The skin has three primary layers:
- Epidermis: The outermost layer, which includes the visible surface of the skin.
- Dermis: The middle layer, rich in collagen, elastin, blood vessels, nerves, and glands.
- Hypodermis: The deeper layer that contains fat and connective tissue, helping with insulation and cushioning.
The uppermost visible layer of the skin is called the stratum corneum. This layer is constantly renewing itself. In many adults, it is replaced approximately every 28 to 30 days. In youth, this renewal process may happen more quickly, often within about 14 to 20 days.
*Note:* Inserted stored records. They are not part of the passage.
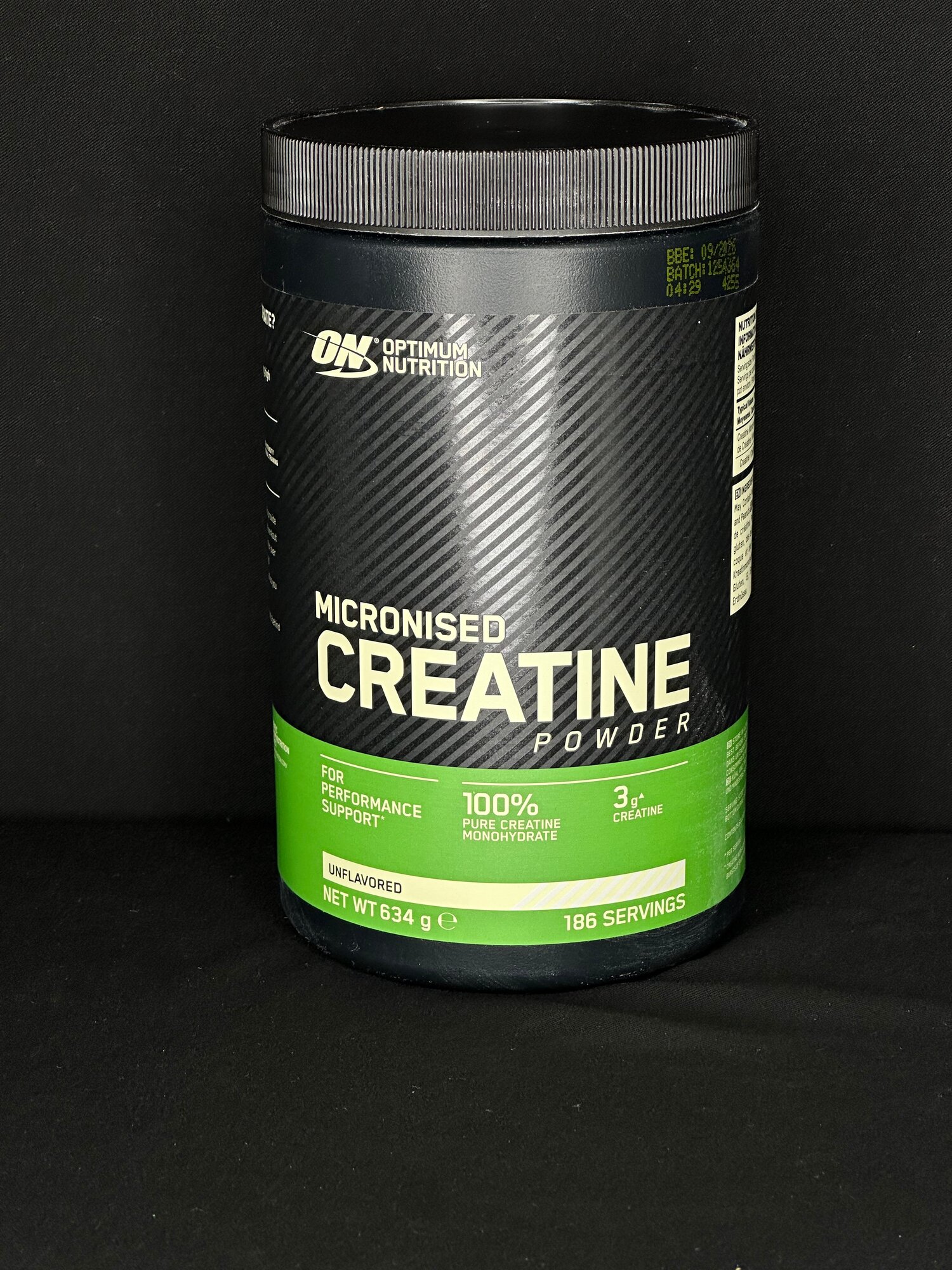 Креатин Optimum Nutrition, без вкуса, чистый, 186 порц, 724г, Великобритания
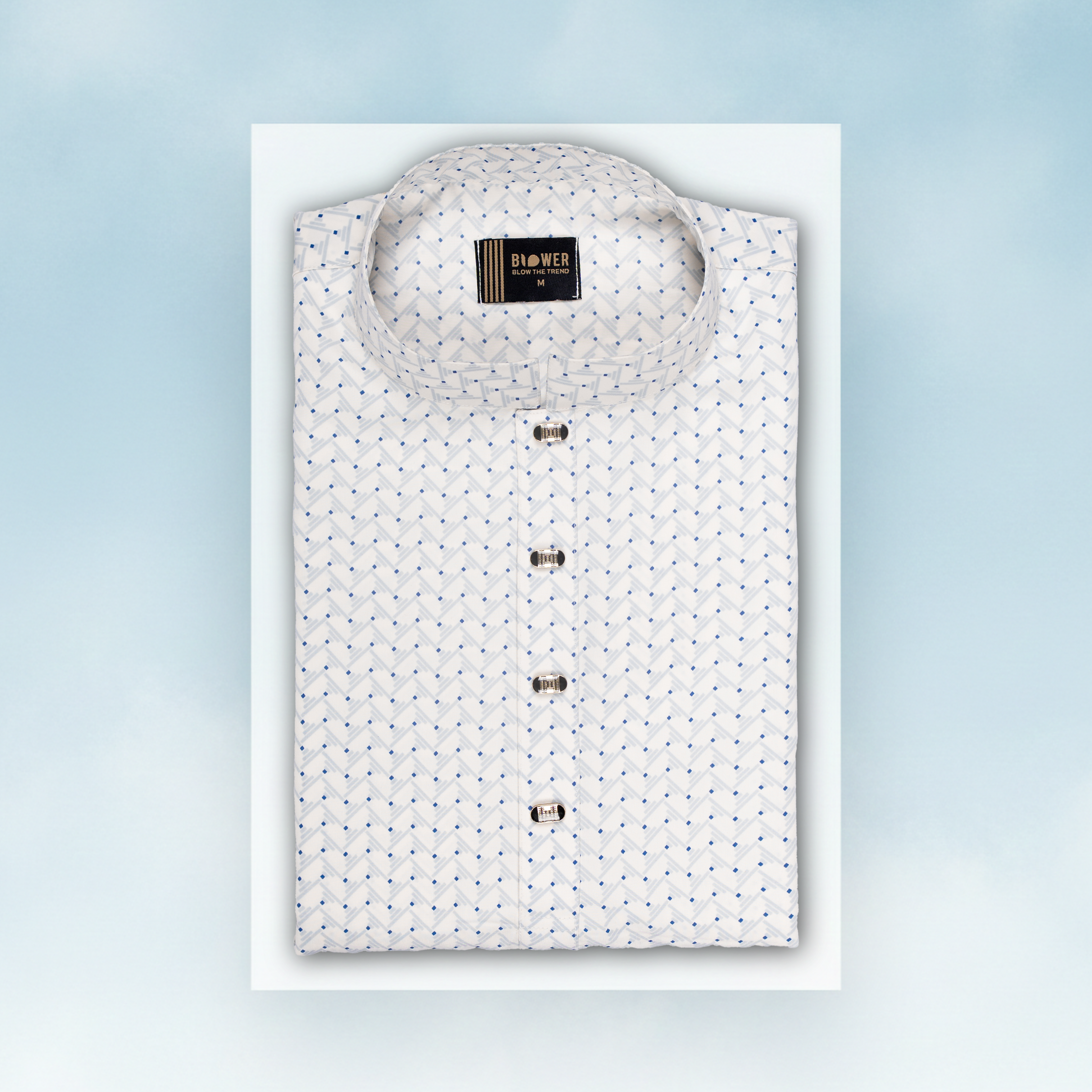 White Geomatric Printed Panjabi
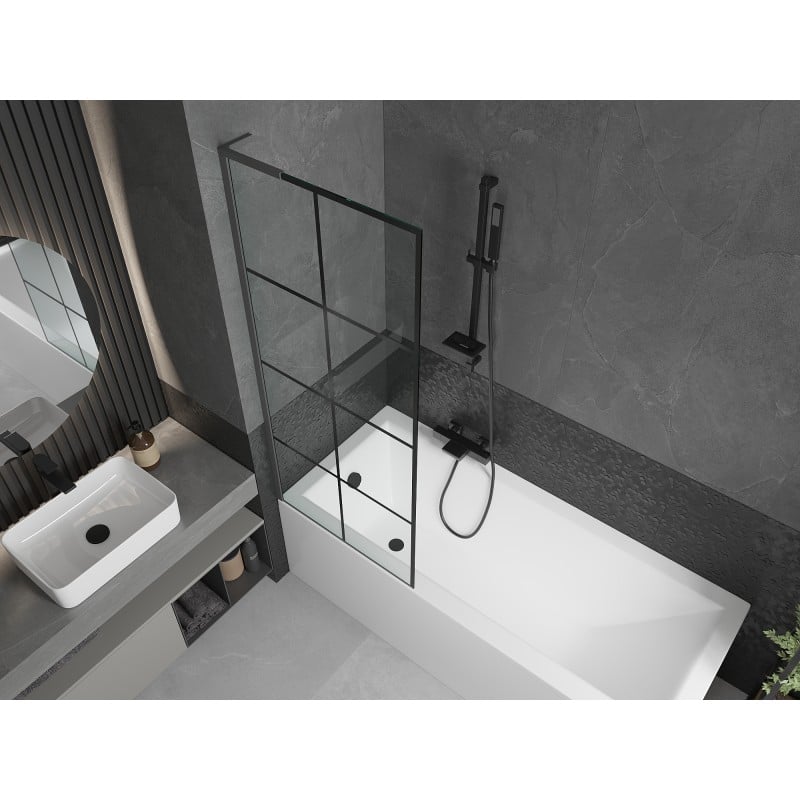 Mexen Next L Duschabtrennung 1-flügelig 70 x 150 cm, schwarzes Gitter, Gun Metal - 895-070-000-03-77-95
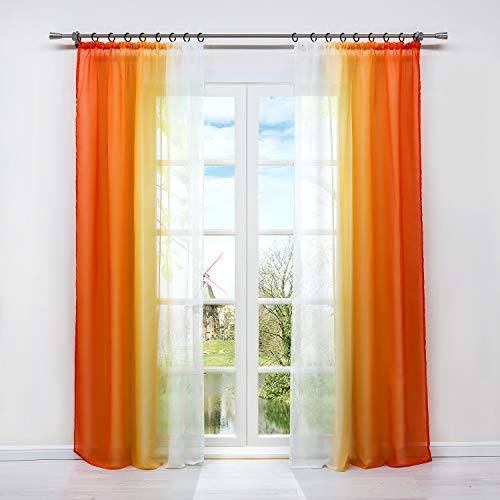 HongYa 2er-Pack Farbverlauf Gardinen Transparenter Voile Vorhänge Schals mit Kräuselband H/B 175/140 cm Orange von HongYa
Every day, the body sheds an estimated 50 million skin cells. That equals roughly 40,000 skin cells per minute. These cells begin in the lower layer of the epidermis, called the stratum basale, then gradually migrate upward until they reach the surface and are naturally shed.
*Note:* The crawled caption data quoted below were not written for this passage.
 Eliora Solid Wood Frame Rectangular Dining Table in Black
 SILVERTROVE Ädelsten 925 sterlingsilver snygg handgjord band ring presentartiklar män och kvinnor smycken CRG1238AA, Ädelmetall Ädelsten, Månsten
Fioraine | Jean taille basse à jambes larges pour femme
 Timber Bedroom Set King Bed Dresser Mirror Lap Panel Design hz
This constant renewal is one reason skin health is so dynamic. The skin is always responding, repairing, defending, and adapting.

The Mind-Skin Connection: How Stress Can Show Up on the Skin
The relationship between emotional health and skin health is so important that an emerging field called psychodermatology has developed to study it.
Psychodermatology explores the intricate connection between mental and emotional states and skin conditions. Many people have experienced this in everyday life. Stress can trigger breakouts. Anxiety can worsen itching. Emotional strain can make inflammation more visible. Skin can flush, flare, dry out, erupt, or become more reactive during periods of internal stress.
Because the brain and skin share the same embryonic origin, it makes sense that they remain in conversation throughout life. The nervous system, immune system, endocrine system, and skin are constantly exchanging signals.
Past and present stressors, including adverse childhood experiences, chronic anxiety, emotional trauma, and ongoing life stress, may contribute to skin imbalance. These stressors do not affect everyone in the same way, but they can influence inflammation, immune reactivity, hormone balance, sleep quality, and lifestyle choices.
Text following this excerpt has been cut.